Post date: Apr 22, 2020 1:18:58 PM
- Choosing a distance and a clustering method
Distance
- I choose Manhattan distance because it gives the most robust results across datasets.
Clustering methods
Interesting: “One of the problems with Cluster Analysis is that different methods may produce different results –generally no accepted best method. Good News: If your data really has clear groups all methods will find them and give you similar results. Therefore it is best to try multiple algorithms and see what groups logically make sense” https://sites.ualberta.ca/~lkgray/uploads/7/3/6/2/7362679/slides-clusteranalysis.pdf
" ward.D" = Ward’s minimum variance method
" ward.D2" = Ward’s minimum variance method –however dissimilarities are squared before clustering
"single" = Nearest neighbours method
"complete" = distance between two clusters is defined as the maximum distance between an observation in one cluster and an observation in the other cluster. Links two elements that have the shortest distance linking them. The shortest distance is defined by the maximum difference a pair in of these elements bear – I do not like this one because it may give importance to non-important difference in one SNPs.Ward.D2 ; minimizes within-cluster variance – this might be more interesting to keep.

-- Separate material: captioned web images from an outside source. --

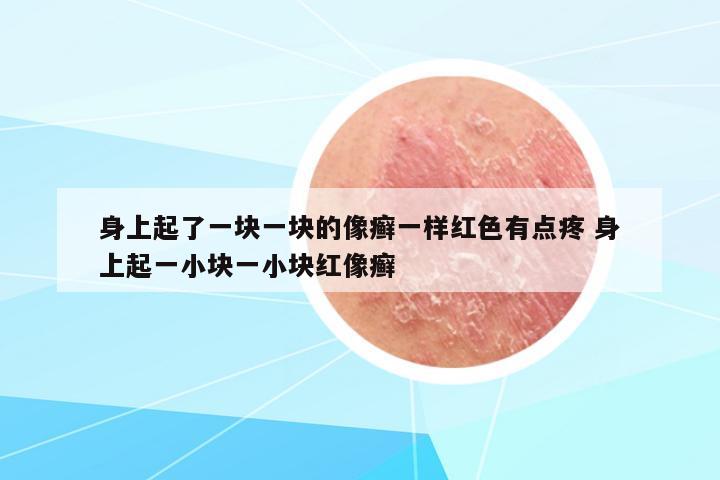 身上起了一塊一塊的像癬一樣紅色有點(diǎn)疼 身上起一小塊一小塊紅像癬
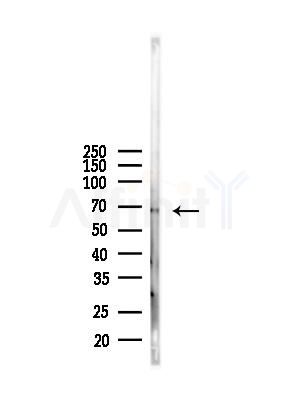 GPD2 Antibody - Western blot analysis of lysates from Mouse kidney, using GPD2 Antibody at 1/1000 dilution.
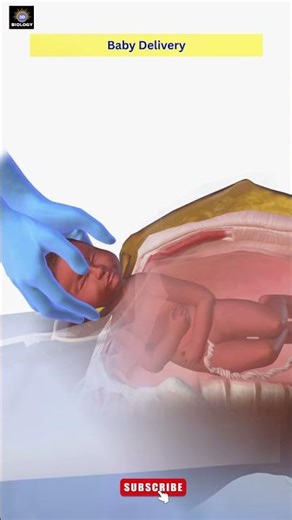 Cesarean Section (C-Section)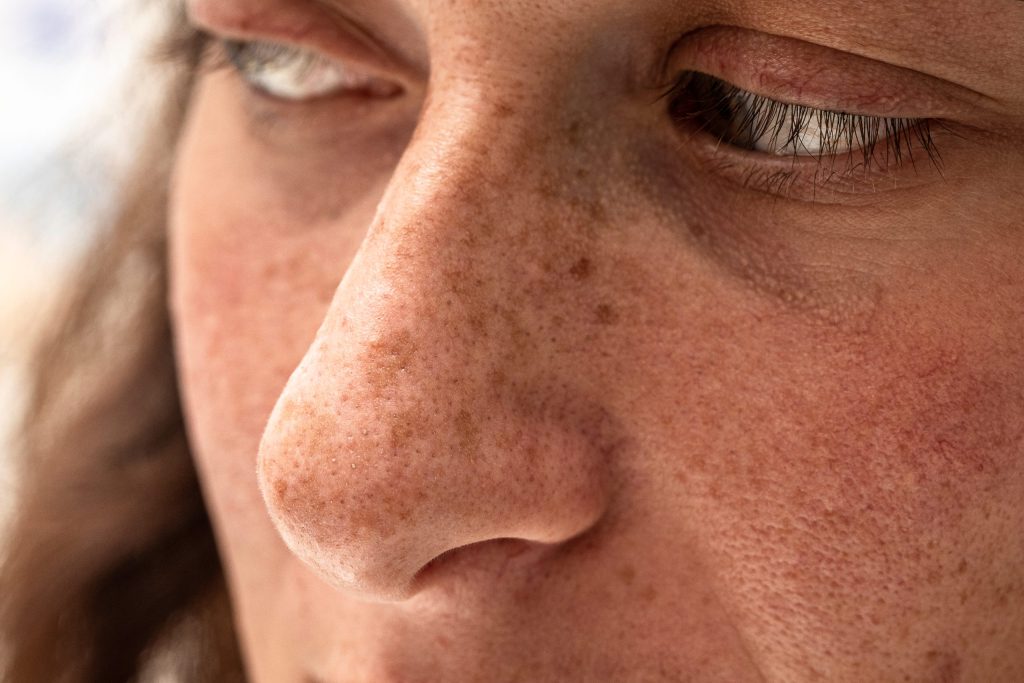 How to Get Rid of Sun Damage on Face Banner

"average" = distance between two clusters is defined as the mean distance between an observation in one cluster and an observation in the other cluster
"mcquitty" = when two clusters are be joined, the distance of the new cluster to any other cluster is calculated as the average of the distances of the soon to be joined clusters to that other cluster
"median" = uses group median
"centroid" = uses group centroid
Maybe the best is really to keep trying different clustering methods.
Checking the scripts:
We start of by eliminating SNPs that are found in each of the three groups (PONs, Pando, friends). Why is this important?
Maybe answer :
- We check in the two groups we created as comparisons: PON and friends what are the shared mutations between them.
- we get rid of these shared mutations (sequencing errors, or hypermutable states that will perturb our signal)
What I have started to do:
I have found a mistake in the script I used to extract the hets probabilities, so I am restarting the analysis from the beginning.